Meaning of the word 'module'?

I am a bit confused by the word ‘module’. My initial understanding of the word ‘module’ is that we want to define a module, i.e.

module foo = struct ... end

However, in OCaml - The module system we have the following example:

# module Set =
    functor (Elt: ORDERED_TYPE) ->
      struct
        type element = Elt.t
        type set = element list
        let empty = []
        let rec add x s =
          match s with
            [] -> [x]
          | hd::tl ->
             match Elt.compare x hd with
               Equal   -> s         (* x is already in s *)
             | Less    -> x :: s    (* x is smaller than all elements of s *)
             | Greater -> hd :: add x tl
        let rec member x s =
          match s with
            [] -> false
          | hd::tl ->
              match Elt.compare x hd with
                Equal   -> true     (* x belongs to s *)
              | Less    -> false    (* x is smaller than all elements of s *)
              | Greater -> member x tl
      end;;
module Set :
  functor (Elt : ORDERED_TYPE) ->
    sig
      type element = Elt.t
      type set = element list
      val empty : 'a list
      val add : Elt.t -> Elt.t list -> Elt.t list
      val member : Elt.t -> Elt.t list -> bool
    end

In particular, let us look at the type of module Set, it is a functor which takes one “module” as input, and produces a 2nd “module” as output. This is very different from say, what a Java package or a Rust module is.
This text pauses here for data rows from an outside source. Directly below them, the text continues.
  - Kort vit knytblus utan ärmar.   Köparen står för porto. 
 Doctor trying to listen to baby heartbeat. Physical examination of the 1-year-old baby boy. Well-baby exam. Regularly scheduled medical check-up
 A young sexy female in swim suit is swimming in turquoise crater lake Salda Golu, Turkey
I am trying to think of the correct way to understand the word “module” ; is it as follows?

We have two worlds: values & modules.

In the values world, we have: primitives + records + enums, types, functions.
In the modules world, we have: structs, signatures, functors.
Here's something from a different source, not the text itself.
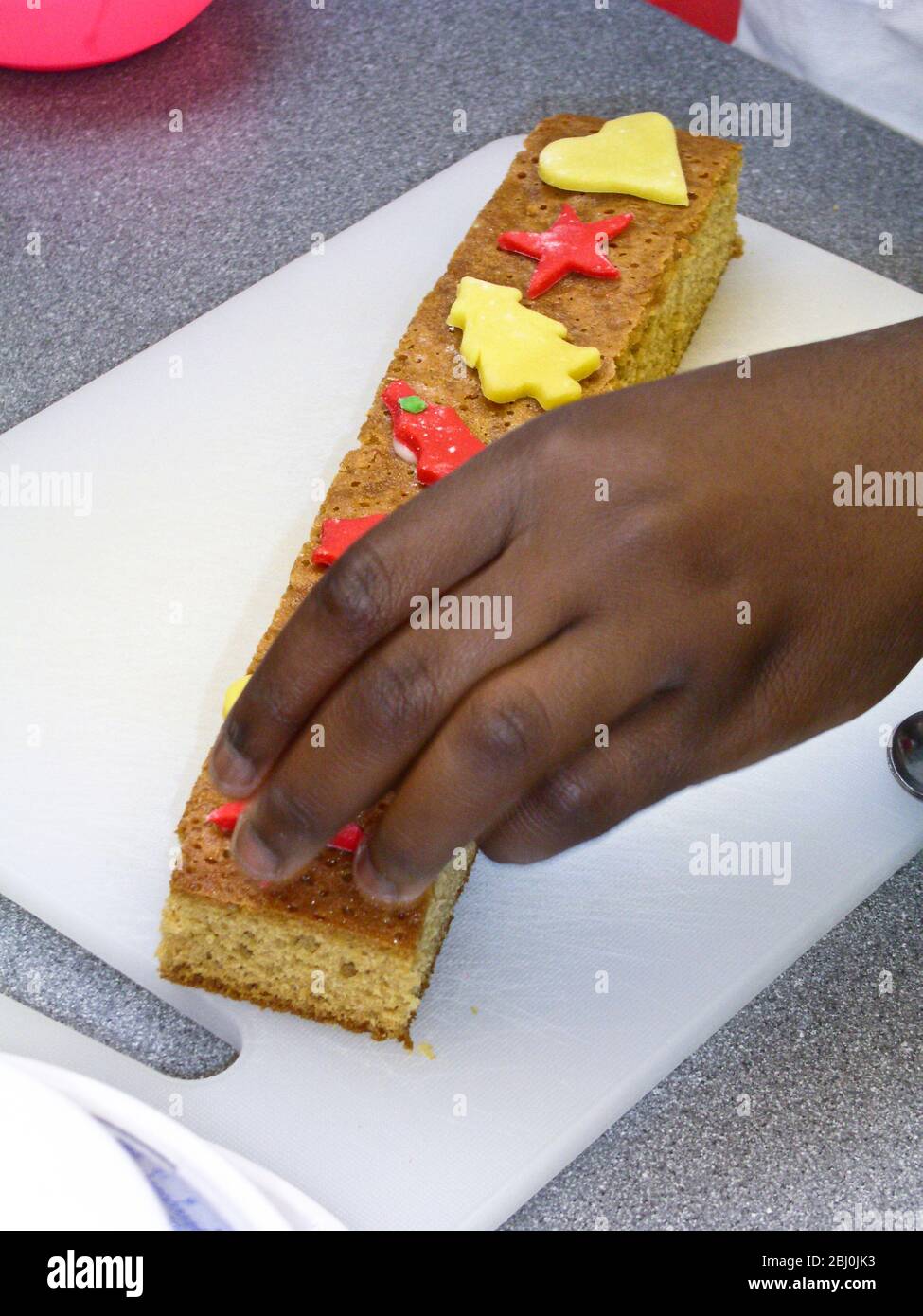 Kinder schneiden dekorative Weihnachtsformen aus farbigen Fondant Vereisung Kuchen dekorieren - Stockfoto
In such an model, the word ‘module’ merely means “we are now going to define something in the ‘modules world’” ?

Is this the right way to think of the keyword ‘modules’ ? If not, what is the correct interpretation ?

2 Likes

I think it is roughly correct. Somewhat imprecisely, in OCaml you have:

  • core language: values (with first-class functions) + types;
  • module language: modules (with first-class functors) + module types;
  • class language: classes + class types

Cheers,
Nicolas

1 Like

We can definitely define functions that take objects[1] as input and produce objects as output.
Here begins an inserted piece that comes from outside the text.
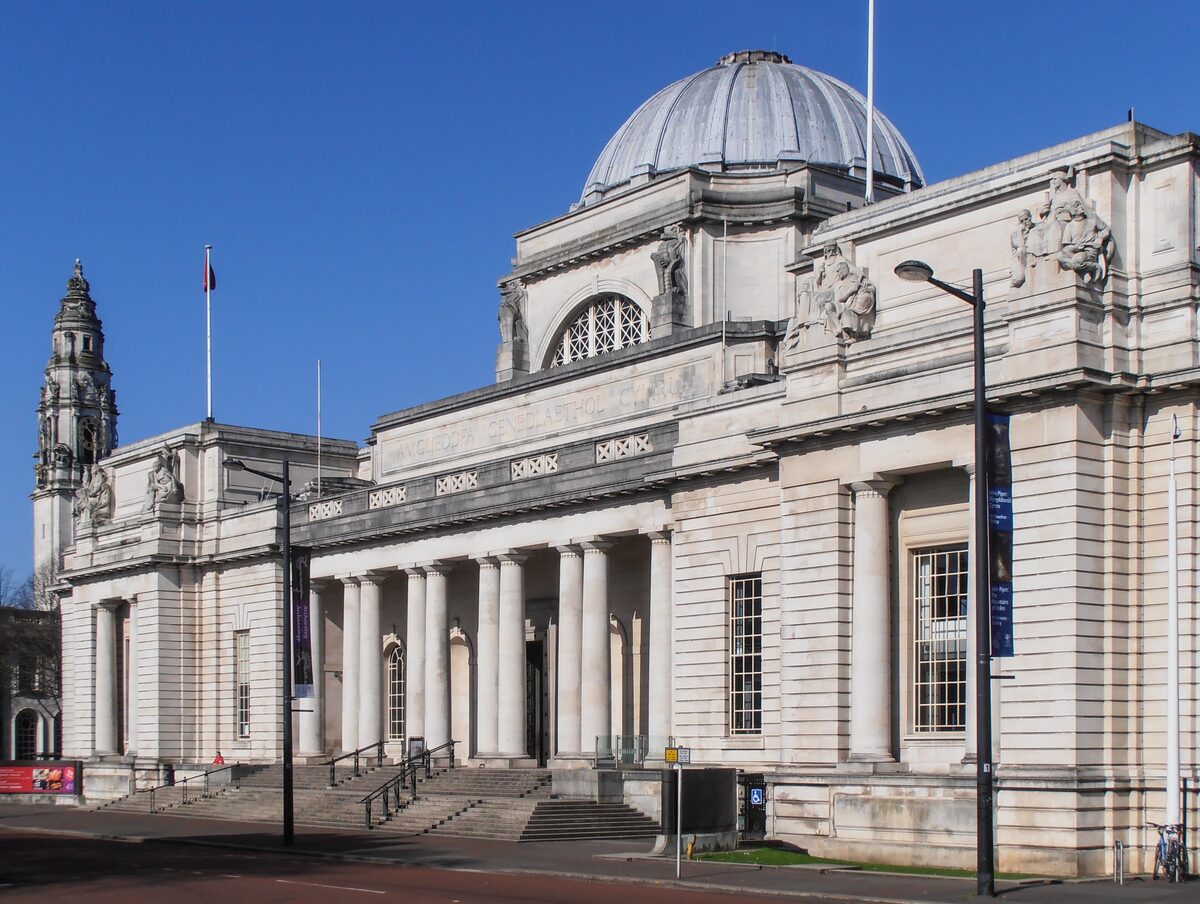The white Portland stone front of National Museum Cardiff with its columns and dome, under a blue sky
Any intuition on why there is not a special name for this in class-land ?

[1] here referring to the OCaml object keyword

This is a bit vague, but as I see it, objects and object types belong to the core language, not to the class language. The reason is that immediate objects can be treated like any other value of the core language, and similarly object types can be used anywhere where a type of the core language can be used. Classes and class types, on the other hand, live in their own “universe” and cannot be mixed freely with the constructs of the core language.

Cheers,
Nicolas

3 Likes

I guess that generic programming of Java or C#, we can get close. See Set<E>in Java. But it is not equivalent. Here E is not bound to ORDERED_TYPE and only the generic equality among objects. And if we try to use Set<E extends ORDERED_TYPE> to support fancy comparison, this will break (E methods will still have methods which have fixed typed arguments), and we couldn’t describe a diadic function (compare) with equal type arguments. Then if E has a method .compare(int a), it can’t be used with strings.